BEGIN MATERIAL TO PROCESS

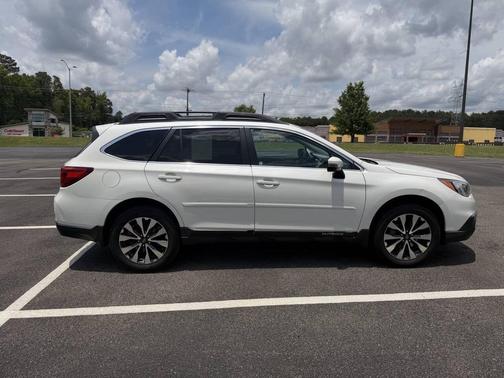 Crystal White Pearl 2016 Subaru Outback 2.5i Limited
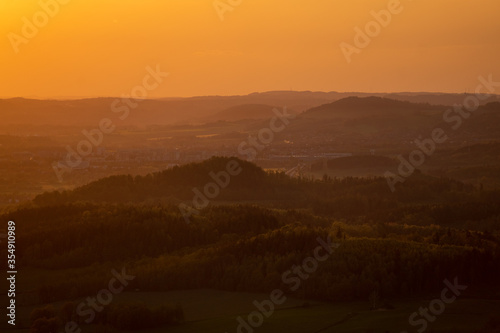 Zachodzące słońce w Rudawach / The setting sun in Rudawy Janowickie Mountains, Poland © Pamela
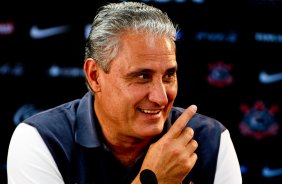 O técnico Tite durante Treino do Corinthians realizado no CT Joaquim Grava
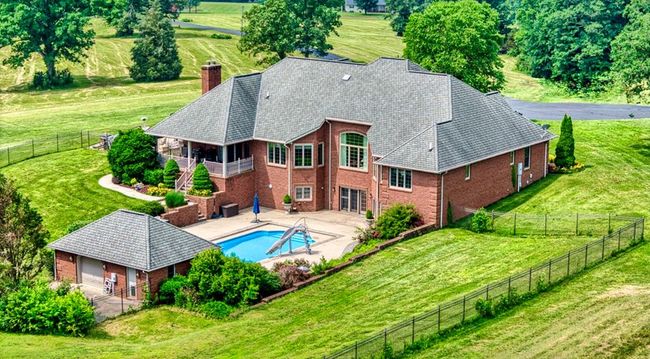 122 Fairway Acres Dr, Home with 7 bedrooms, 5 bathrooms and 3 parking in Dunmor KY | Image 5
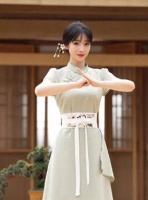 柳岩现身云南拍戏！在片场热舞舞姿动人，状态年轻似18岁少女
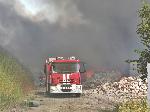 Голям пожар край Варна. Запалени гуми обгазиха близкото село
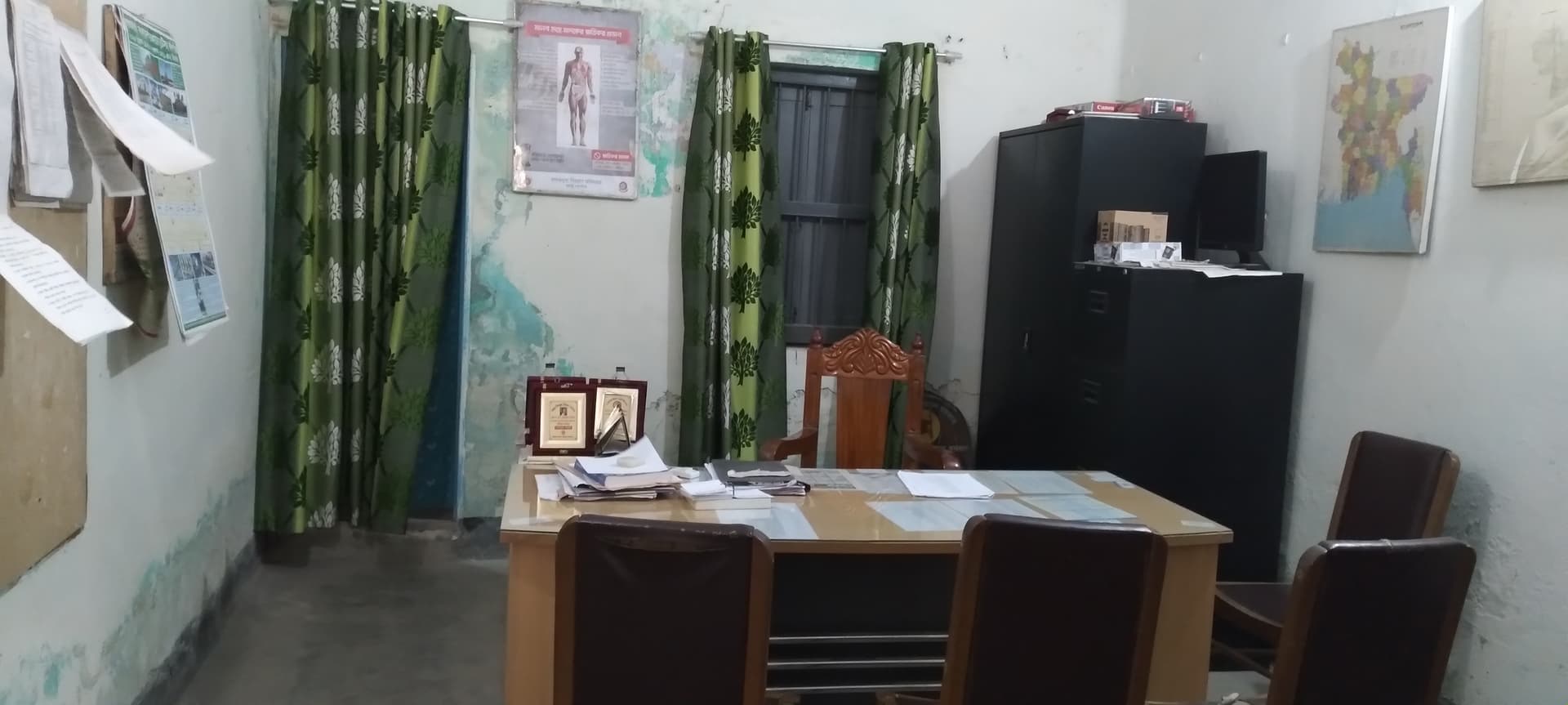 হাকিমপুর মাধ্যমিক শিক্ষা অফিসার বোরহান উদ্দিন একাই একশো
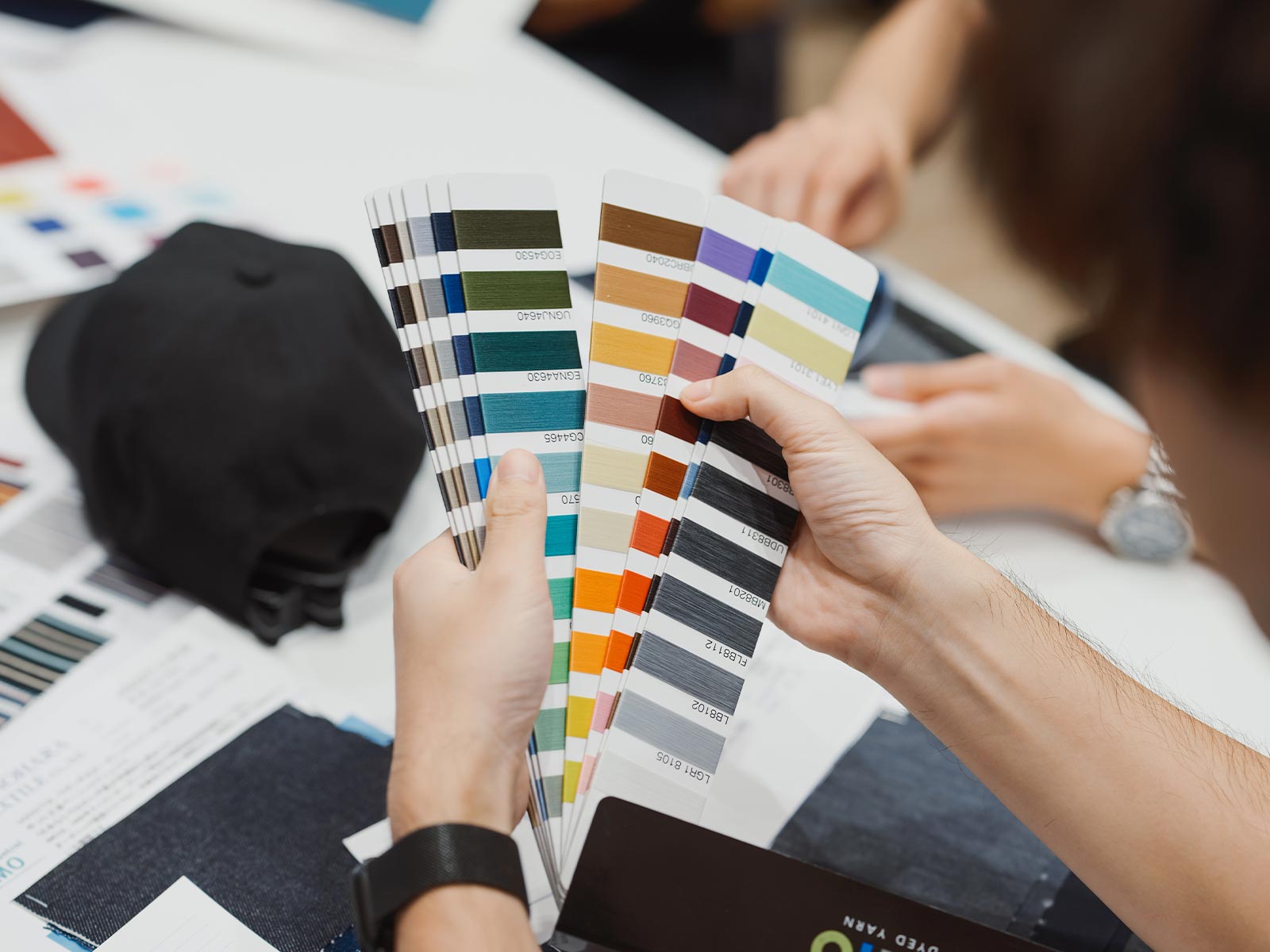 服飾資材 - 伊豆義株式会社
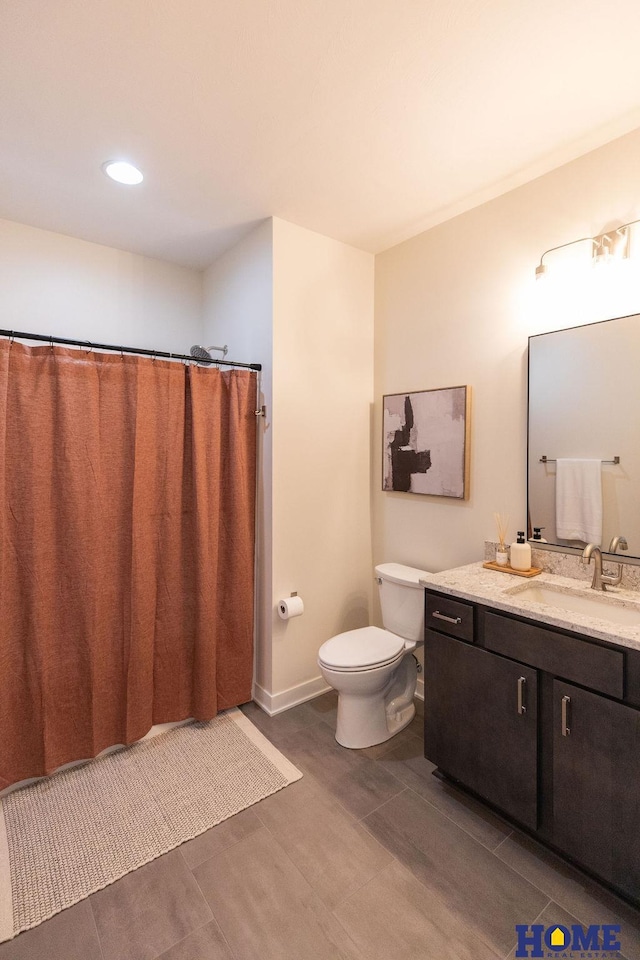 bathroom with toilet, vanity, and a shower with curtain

END MATERIAL TO PROCESS

Excluding the pictures, write out exactly the lines from the line that contains "হাকিমপুর মাধ্যমিক শিক্ষা" through the end of the records.

 হাকিমপুর মাধ্যমিক শিক্ষা অফিসার বোরহান উদ্দিন একাই একশো
 服飾資材 - 伊豆義株式会社
 bathroom with toilet, vanity, and a shower with curtain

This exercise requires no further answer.